As forças da modernização, que até então eram representadas pelo Exército turco, empregadas pelo fundador da nação, Kemal Atatürk, como guardiões da modernização, foram desaparelhadas.

Recentemente um representante do mundo de negócios em Istambul me disse que nenhuma empresa consegue ganhar concorrências para contratos públicos se ele não se comportar segundo os ditames da religião e se sua esposa não trajar um lenço na cabeça. Esse é um pequeno, mas claro sinal, de uma reorientação cultural. Ou seja, ela se afasta claramente desse papel de ser uma espécie de ponte entre o Ocidente e o Oriente, do “bem como” de uma sociedade aberta.

Kurt R. Spillmann

O historiador de 75 anos é professor aposentado da Escola Politécnica Federal de Zurique (ETH, na sigla em alemão).

Na instituição, Spillmann fundou em 1986 o Centro de Pesquisas em Políticas de Segurança e Análise de Conflitos, dirigido por ele até hoje.

Ao mesmo tempo se tornou conhecido pelo trabalho como diretor do Centro de Estudos Internacionais Comparados de Zurique (CIS), em cooperação com a Universidade de Zurique.

O pesquisador dirigiu na ETH, de 1987 até 1995, o departamento de Assuntos Militares.
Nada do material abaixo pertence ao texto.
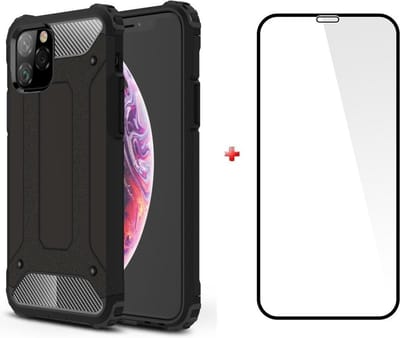 iPhone 11 Pro silicone TPU hybride zwart hoesje + glas screenprotector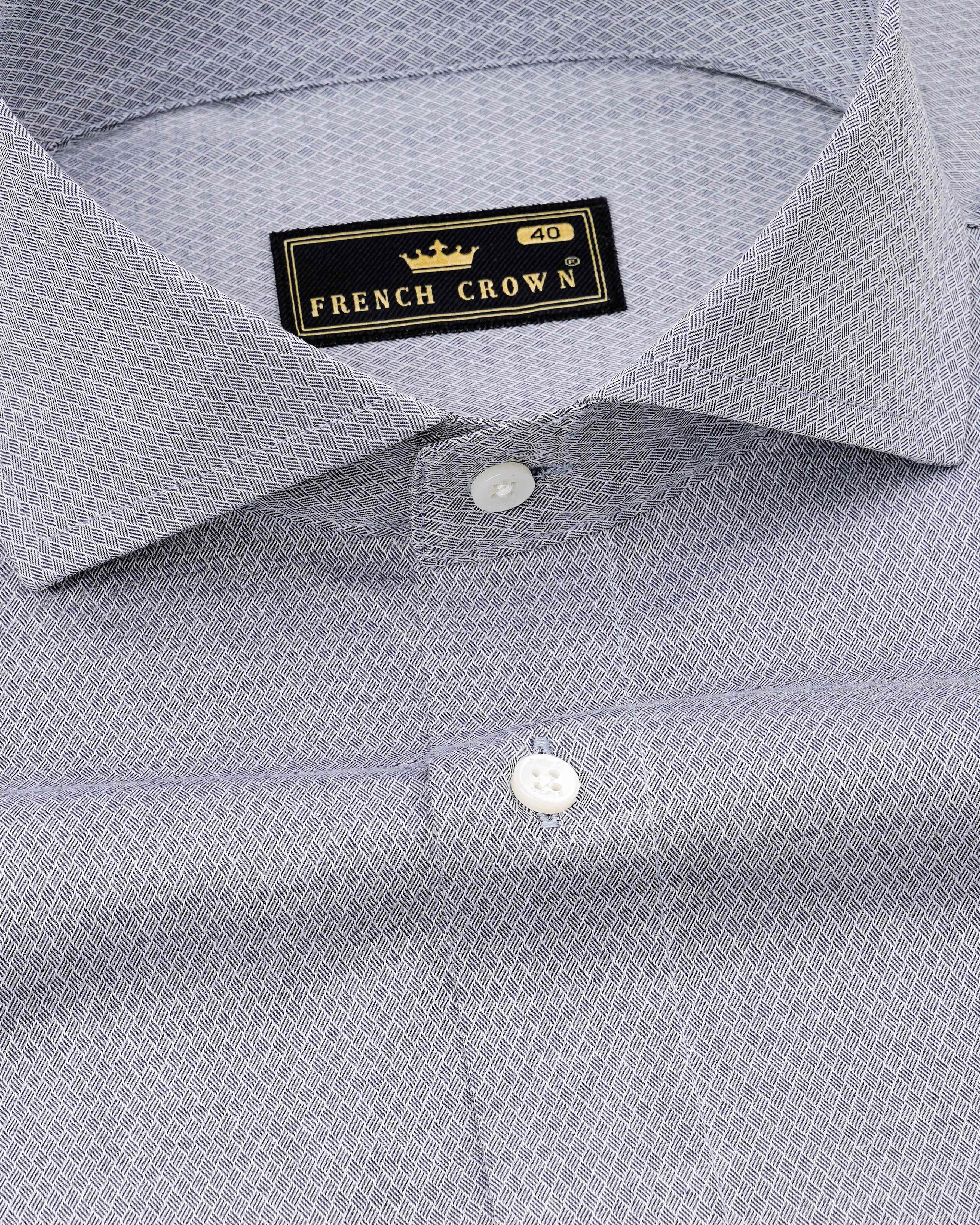 Spun Pearl Silver Formal Textured Premium Cotton Shirt For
Com a patente de coronel, ele também atuou como consultou para o governo helvético e o Parlamento em questões de política de segurança e na reorganização do Exército.

O Tratado de Paz de Lausanne em 1923 é considerado como o marco de nascimento da República turca.

Em 1925: os dois países assinaram um tratado de amizade.

Em 1926: o fundador Kemal Atatürk adapta praticamente todo o Código Civil da Suíça na reforma das leis civis turcas.

O conflito entre a Turquia e os curdos chegou até à Suíça entre os anos de 1980 e 1990 através da chegada de refugiados curdos.

Em 1993, um manifestante curdo foi baleado frente à embaixada da Turquia e outros sete feridos. O suposto atirador era funcionário da embaixada.

O ponto mais baixo do relacionamento entre 2003 e 2005 devido à questão curda e a discussão sobre o genocídio armênio em 1915.

Em 2003, o parlamento cantonal do cantão de Vaud reconheceu a morte de mais de 1,5 milhões de armênios através do Império Otomano como genocídio.

Logo depois a Turquia cancelou a visita planejada da ex-ministra suíça das Relações Exteriores, Micheline Calmy-Rey à Turquia.

Um tribunal suíço condenou, em 2007, o militante turco Dogu Perinçek por ferir as leis contra racismo. Em um discurso proferido na Suíça, ele havia denominado o genocídio como “uma mentira”.

As relações melhoraram após 2006. Em 2008 quatro membros do governo federal visitaram a Turquia.